### WHAT IS NEEDED
Having located the line with "Camping Cookware Mess", print it and each remaining line exactly, stopping at the end of the material and omitting pictures.

### DATA FOR ANALYSIS
• • •

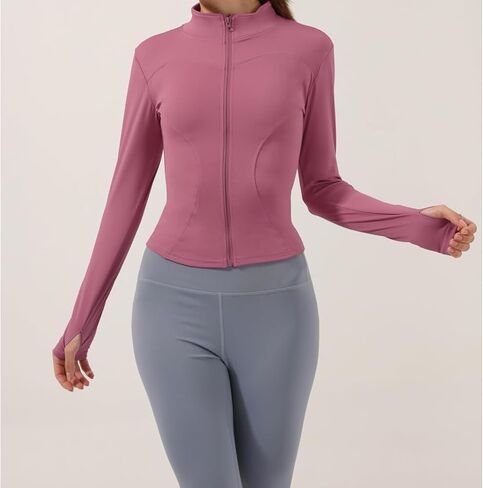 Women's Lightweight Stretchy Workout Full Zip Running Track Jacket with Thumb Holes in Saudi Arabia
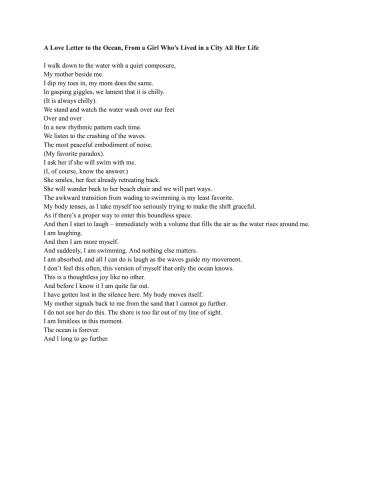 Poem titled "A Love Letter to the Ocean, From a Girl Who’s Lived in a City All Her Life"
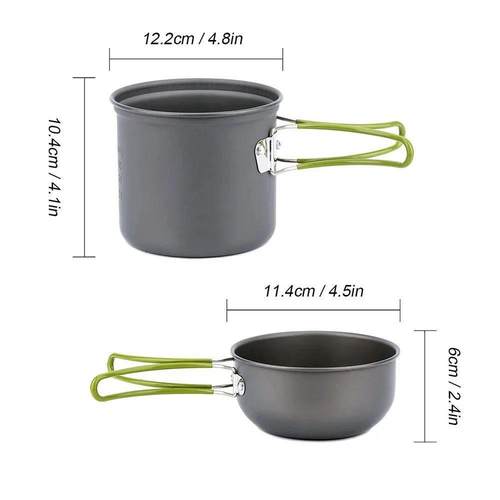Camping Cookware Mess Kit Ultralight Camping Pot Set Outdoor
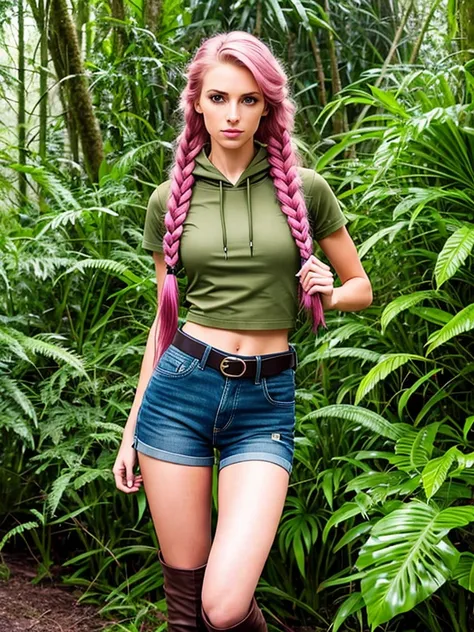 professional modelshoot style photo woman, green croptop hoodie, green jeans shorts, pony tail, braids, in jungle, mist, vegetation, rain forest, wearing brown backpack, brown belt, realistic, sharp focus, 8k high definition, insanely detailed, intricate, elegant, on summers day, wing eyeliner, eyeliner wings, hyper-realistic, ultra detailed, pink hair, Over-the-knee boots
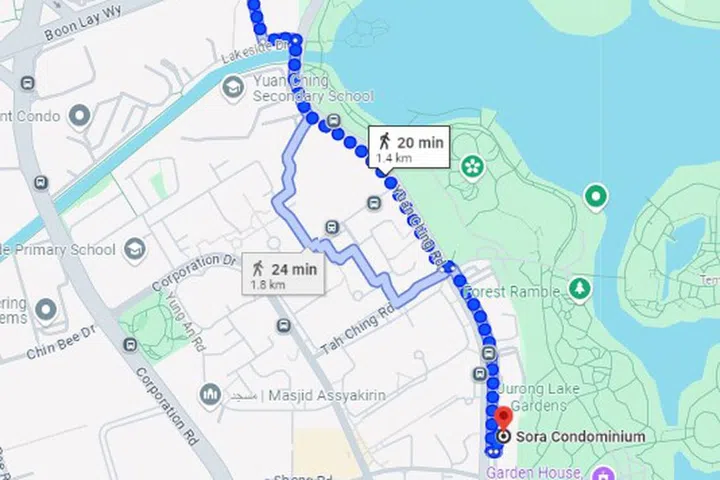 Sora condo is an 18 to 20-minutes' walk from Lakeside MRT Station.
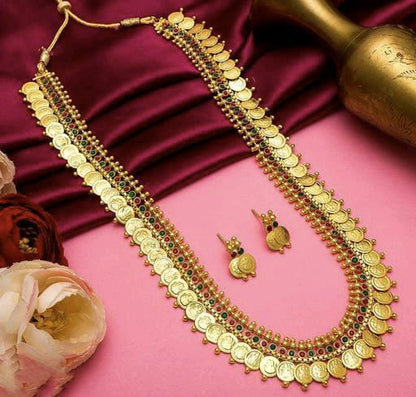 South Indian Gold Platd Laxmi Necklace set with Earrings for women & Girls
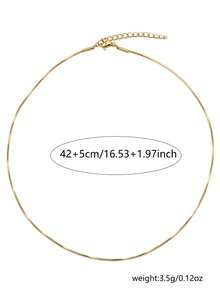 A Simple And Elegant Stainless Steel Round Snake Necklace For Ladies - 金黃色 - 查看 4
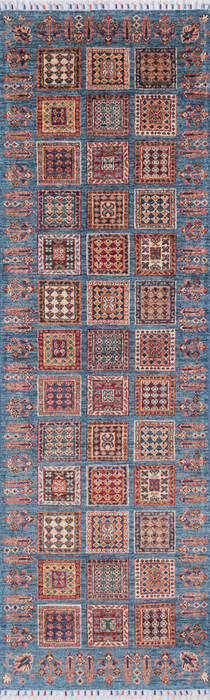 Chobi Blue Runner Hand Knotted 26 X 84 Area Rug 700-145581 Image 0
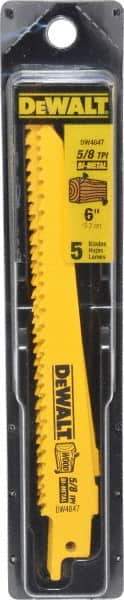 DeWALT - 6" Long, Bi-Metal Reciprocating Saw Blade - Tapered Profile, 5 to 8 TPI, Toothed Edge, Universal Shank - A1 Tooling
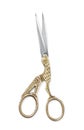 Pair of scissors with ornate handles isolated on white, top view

• • •

### TASK RESULT
Camping Cookware Mess Kit Ultralight Camping Pot Set Outdoor
 professional modelshoot style photo woman, green croptop hoodie, green jeans shorts, pony tail, braids, in jungle, mist, vegetation, rain forest, wearing brown backpack, brown belt, realistic, sharp focus, 8k high definition, insanely detailed, intricate, elegant, on summers day, wing eyeliner, eyeliner wings, hyper-realistic, ultra detailed, pink hair, Over-the-knee boots
 Sora condo is an 18 to 20-minutes' walk from Lakeside MRT Station.
 South Indian Gold Platd Laxmi Necklace set with Earrings for women & Girls
 A Simple And Elegant Stainless Steel Round Snake Necklace For Ladies - 金黃色 - 查看 4
 Chobi Blue Runner Hand Knotted 26 X 84 Area Rug 700-145581 Image 0
 DeWALT - 6" Long, Bi-Metal Reciprocating Saw Blade - Tapered Profile, 5 to 8 TPI, Toothed Edge, Universal Shank - A1 Tooling
 Pair of scissors with ornate handles isolated on white, top view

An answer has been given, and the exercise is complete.